* _ASSIGNMENT_
Although pictures appear in the data, the answer should contain only the lines from its start through the line with "3280 Fawn Passage", written out exactly.

* _Short web captions_
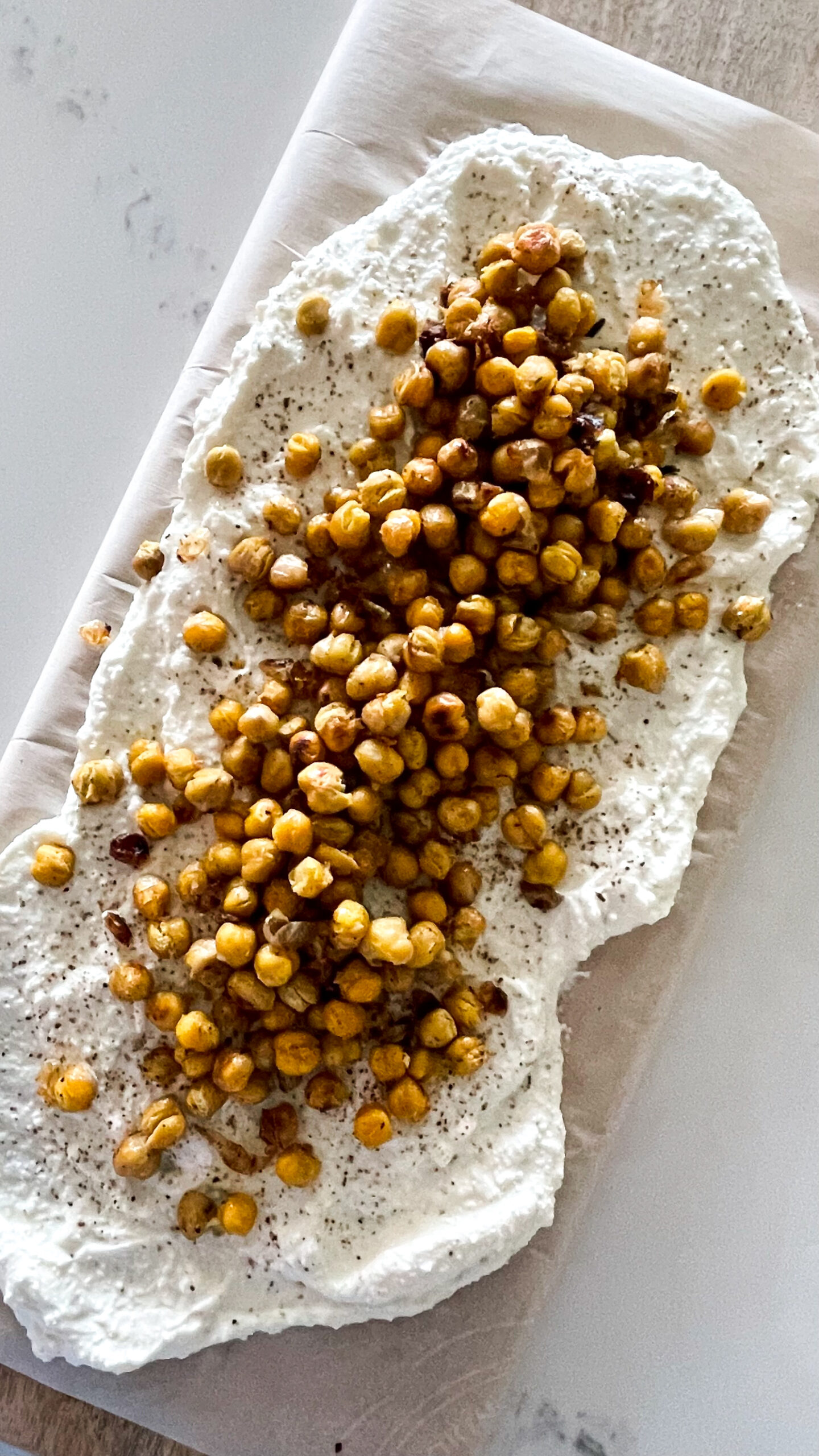 A delicious and simple honey whipped feta on a board with roasted chickpeas overtop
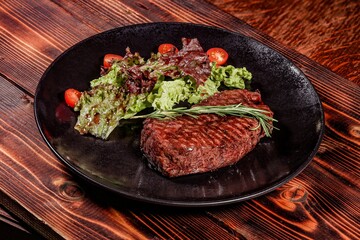 Culinary Elegance: Grilled Steak with Sprig of Rosemary, Served with Light Salad on Black Plate Against Warm Wooden Table Background, Creating Exquisite Atmosphere.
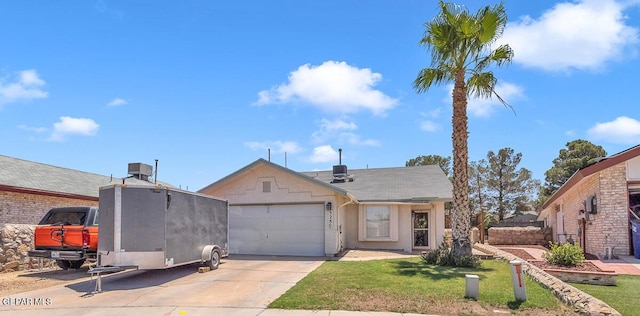 3280 Fawn Passage Place, El Paso, TX 79936 - view of front of property with a garage, driveway, a front yard, and stucco siding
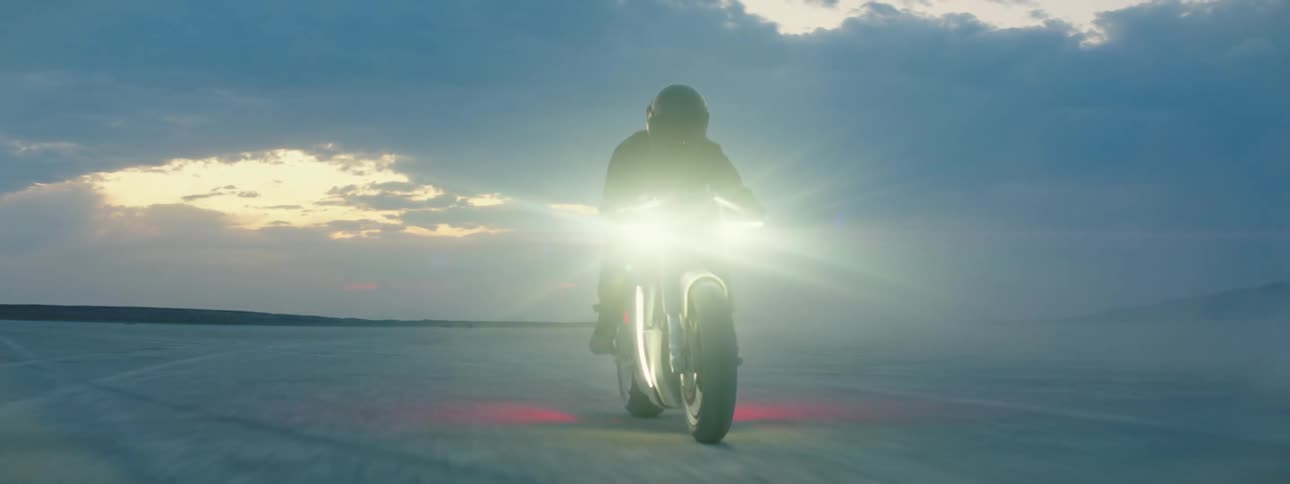 A man rides his motorcycle through the desert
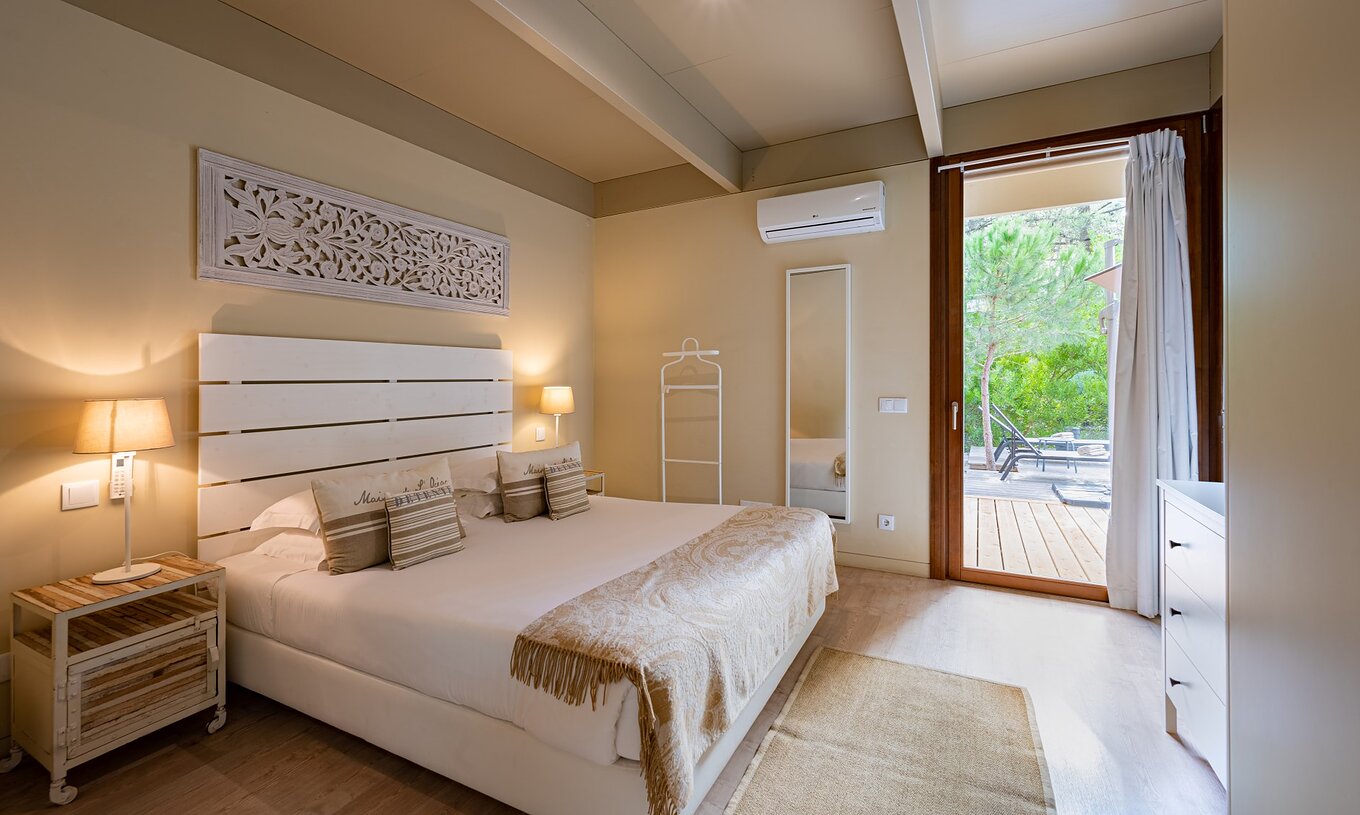 The Sand Villas with Private Pool of Pestana Tróia Eco Resort have a double bed with a bedspread and a mirror on the wall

* _YOUR RESPONSE_
 A delicious and simple honey whipped feta on a board with roasted chickpeas overtop
 Culinary Elegance: Grilled Steak with Sprig of Rosemary, Served with Light Salad on Black Plate Against Warm Wooden Table Background, Creating Exquisite Atmosphere.
 3280 Fawn Passage Place, El Paso, TX 79936 - view of front of property with a garage, driveway, a front yard, and stucco siding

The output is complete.